Dynamic tone mapping raises the brightness of parts of the screen that should stay dim according to the Hdr curve. How can you say that is not interfering with creators intent
Because HDR reference level is on a HDR mastering monitor, not our TVs because although they can get to reference black (on an OLED) they are not getting anywhere near the lumen counts needed which HDR mastering monitors have; and dependant on the content and what peak lumen counts they've used, things can get VERY messy. Especially video games where some HDR implimeentations use sky high target nit counts which no display can attain.
SDR reference is easy to attain because we know the peak lumen output of the display used to master it.

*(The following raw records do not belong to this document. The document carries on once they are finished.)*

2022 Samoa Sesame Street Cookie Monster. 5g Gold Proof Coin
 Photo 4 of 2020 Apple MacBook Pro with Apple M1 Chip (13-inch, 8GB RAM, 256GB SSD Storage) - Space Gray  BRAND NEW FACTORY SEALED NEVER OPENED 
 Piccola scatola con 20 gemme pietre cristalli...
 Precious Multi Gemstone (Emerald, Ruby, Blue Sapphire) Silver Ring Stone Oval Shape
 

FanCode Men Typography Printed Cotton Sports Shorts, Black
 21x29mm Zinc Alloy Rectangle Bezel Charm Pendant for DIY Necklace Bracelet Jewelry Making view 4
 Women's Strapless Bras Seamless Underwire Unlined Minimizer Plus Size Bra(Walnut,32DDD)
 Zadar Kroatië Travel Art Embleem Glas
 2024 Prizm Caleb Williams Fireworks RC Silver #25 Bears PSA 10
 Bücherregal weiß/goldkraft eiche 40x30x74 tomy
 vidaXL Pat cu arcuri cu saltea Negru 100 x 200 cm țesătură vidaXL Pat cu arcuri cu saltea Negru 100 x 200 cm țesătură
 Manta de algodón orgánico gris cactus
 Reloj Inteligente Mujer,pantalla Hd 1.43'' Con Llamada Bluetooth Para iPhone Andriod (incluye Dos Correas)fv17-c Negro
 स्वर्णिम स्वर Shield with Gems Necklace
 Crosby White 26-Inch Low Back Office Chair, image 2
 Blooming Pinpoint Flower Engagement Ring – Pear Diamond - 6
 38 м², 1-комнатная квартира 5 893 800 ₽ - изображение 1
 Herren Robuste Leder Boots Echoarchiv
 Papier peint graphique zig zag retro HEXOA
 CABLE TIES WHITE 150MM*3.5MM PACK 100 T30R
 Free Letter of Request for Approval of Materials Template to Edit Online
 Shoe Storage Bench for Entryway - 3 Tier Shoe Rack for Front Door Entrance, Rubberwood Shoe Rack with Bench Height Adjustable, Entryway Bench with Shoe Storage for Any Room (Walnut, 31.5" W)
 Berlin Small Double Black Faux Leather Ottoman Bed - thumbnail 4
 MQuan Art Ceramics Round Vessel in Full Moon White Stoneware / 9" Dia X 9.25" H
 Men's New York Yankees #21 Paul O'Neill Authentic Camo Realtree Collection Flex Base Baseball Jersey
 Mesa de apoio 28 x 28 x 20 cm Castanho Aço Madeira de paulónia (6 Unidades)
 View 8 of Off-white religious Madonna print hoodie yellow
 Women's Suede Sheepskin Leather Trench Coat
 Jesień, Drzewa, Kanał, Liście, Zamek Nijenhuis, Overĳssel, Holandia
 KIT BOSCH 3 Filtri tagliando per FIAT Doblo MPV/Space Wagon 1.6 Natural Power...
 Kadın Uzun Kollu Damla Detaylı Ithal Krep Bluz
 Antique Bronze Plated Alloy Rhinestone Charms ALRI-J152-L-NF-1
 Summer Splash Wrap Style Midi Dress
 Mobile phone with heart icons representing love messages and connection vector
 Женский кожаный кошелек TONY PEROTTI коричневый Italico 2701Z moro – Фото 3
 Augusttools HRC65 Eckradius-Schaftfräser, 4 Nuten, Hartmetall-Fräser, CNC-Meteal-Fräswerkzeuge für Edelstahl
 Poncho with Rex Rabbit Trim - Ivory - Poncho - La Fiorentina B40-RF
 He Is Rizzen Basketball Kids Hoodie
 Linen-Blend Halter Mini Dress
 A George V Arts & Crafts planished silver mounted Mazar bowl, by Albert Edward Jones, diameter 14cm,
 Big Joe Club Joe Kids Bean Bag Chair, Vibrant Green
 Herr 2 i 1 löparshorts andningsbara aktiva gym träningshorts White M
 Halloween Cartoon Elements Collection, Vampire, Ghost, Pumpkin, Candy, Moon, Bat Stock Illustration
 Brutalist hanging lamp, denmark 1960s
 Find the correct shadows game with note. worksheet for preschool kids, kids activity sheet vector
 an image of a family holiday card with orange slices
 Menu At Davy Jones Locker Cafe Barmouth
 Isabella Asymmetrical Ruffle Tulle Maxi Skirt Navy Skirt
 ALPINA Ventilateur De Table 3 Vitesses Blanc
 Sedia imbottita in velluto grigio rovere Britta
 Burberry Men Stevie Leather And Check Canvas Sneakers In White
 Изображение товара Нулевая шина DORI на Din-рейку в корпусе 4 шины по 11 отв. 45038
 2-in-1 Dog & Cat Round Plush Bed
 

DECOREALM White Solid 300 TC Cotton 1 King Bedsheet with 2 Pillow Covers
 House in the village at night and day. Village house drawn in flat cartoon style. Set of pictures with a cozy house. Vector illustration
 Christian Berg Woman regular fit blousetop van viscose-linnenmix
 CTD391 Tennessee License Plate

HDR however is a total mess. Its mastered on a monitor which us mere mortals don't have. This is why dynamic tone mapping is so useful. In reality, none of us can afford or have the luxury of a display to do reference HDR but we do have displays which can do reference SDR.
DTM takes the DPL and targets a specific target dynamic nit count and adjusts colours accordingly. It'll actually get CLOSER to a reference image if the DTM solution is good compared to without.
DTM does not simply over brighten and over darken certain areas. It uses the HDR metadata and applies it to your displays capabilities.
For example, MADVR in dyanmic tone mapping is uses your display target peak luminance and dynamic tone mapping target nit count to calibrate the image to your displays capabilities. Thats what LG, Sony et al are doing too. Otherwise without DTM, HDR images will look very dim in certain situations.
Now... if we are talking about DTM relavant to LG specifically; I don't think the quality of their dynamic tone mapping is that amazing. I'd prefer using a MADVR HTPC, a MADVR video processor or a Lumagen video processor to do the tone mapping but it obviously gets expensive.